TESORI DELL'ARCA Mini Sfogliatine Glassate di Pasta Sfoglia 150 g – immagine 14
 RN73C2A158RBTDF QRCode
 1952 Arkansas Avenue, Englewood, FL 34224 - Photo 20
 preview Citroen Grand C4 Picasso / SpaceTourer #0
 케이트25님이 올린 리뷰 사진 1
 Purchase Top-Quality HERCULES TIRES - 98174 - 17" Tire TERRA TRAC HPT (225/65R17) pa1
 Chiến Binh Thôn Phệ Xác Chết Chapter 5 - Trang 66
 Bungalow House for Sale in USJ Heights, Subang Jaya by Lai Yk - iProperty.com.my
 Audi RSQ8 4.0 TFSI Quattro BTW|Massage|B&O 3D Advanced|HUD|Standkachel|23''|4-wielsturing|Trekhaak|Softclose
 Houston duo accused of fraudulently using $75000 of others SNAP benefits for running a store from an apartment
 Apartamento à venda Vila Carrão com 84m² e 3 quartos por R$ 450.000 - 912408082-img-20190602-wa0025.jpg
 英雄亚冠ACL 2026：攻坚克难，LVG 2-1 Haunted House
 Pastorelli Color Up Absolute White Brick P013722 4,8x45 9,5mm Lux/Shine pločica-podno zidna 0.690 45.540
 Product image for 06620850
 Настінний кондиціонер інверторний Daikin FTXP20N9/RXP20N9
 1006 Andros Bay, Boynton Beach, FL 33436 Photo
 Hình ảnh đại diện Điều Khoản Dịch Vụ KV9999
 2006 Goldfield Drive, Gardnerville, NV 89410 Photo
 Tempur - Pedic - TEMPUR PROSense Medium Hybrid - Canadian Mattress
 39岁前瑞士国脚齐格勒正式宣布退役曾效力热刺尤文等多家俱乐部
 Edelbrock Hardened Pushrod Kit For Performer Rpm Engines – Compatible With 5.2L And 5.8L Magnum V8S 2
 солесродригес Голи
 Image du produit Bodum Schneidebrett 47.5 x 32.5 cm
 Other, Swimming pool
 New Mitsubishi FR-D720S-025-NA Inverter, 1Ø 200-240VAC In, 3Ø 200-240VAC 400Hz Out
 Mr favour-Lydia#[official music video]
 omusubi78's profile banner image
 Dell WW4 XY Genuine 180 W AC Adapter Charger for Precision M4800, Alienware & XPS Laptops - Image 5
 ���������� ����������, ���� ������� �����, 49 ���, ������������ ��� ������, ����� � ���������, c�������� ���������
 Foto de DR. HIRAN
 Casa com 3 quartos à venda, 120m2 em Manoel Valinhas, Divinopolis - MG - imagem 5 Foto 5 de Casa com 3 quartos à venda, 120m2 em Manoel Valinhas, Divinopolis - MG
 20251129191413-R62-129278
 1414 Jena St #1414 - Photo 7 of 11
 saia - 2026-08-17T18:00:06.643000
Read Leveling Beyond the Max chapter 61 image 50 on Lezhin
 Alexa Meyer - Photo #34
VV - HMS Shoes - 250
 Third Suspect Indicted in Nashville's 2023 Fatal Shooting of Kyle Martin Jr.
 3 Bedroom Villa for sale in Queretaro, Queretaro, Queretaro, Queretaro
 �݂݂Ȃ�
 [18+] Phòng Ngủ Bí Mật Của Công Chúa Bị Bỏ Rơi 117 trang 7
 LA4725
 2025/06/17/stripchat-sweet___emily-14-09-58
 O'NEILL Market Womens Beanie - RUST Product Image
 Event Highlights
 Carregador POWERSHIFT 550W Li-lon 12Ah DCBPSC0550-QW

◆ ◆ ◆ ◆ ◆

● **What you will do**:
Where a line of the material holds the word "venda", copy that line.

● **Written response**:
 Apartamento à venda Vila Carrão com 84m² e 3 quartos por R$ 450.000 - 912408082-img-20190602-wa0025.jpg
 Casa com 3 quartos à venda, 120m2 em Manoel Valinhas, Divinopolis - MG - imagem 5 Foto 5 de Casa com 3 quartos à venda, 120m2 em Manoel Valinhas, Divinopolis - MG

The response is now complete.